## Entries shown
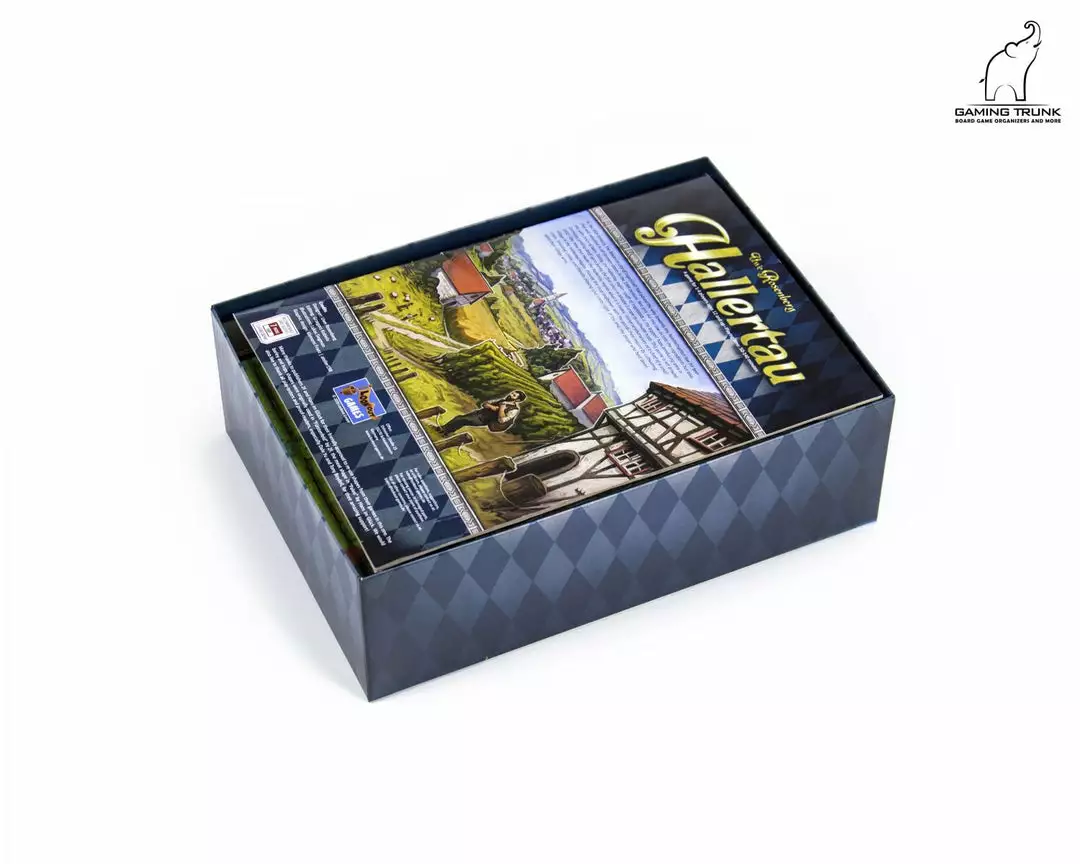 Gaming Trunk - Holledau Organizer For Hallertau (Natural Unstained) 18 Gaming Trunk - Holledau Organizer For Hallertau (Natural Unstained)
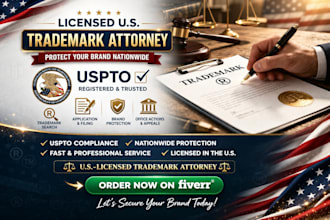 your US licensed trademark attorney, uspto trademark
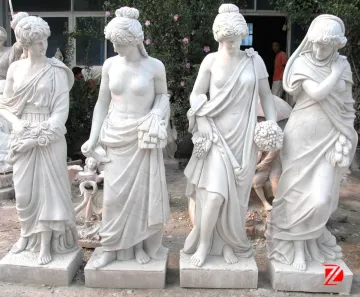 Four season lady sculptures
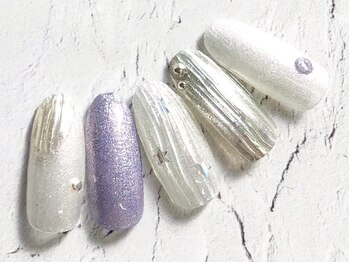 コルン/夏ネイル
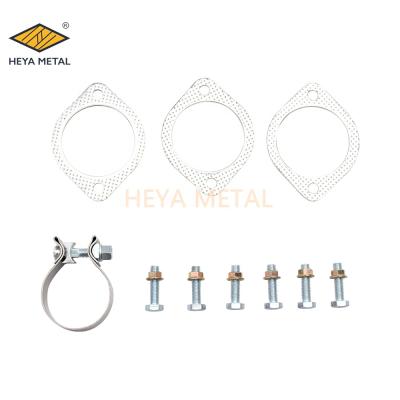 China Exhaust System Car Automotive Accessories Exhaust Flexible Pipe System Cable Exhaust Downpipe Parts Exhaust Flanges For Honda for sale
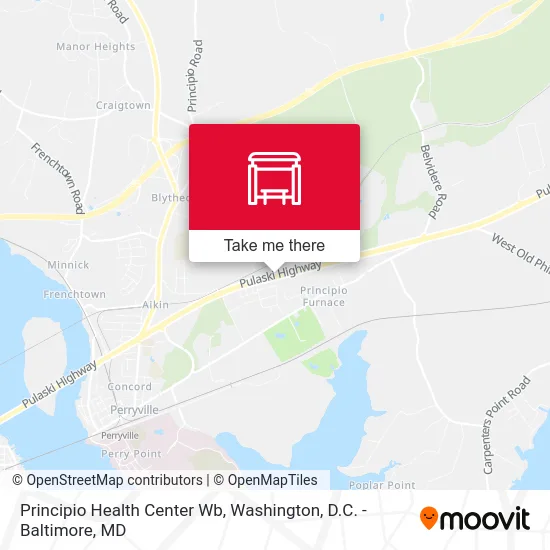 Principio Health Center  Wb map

## Task requirements
Retype exactly the lines from the one containing "China Exhaust System" through the last line of the records above, both included, and leave out any pictures.

## Result for this exercise
 China Exhaust System Car Automotive Accessories Exhaust Flexible Pipe System Cable Exhaust Downpipe Parts Exhaust Flanges For Honda for sale
 Principio Health Center  Wb map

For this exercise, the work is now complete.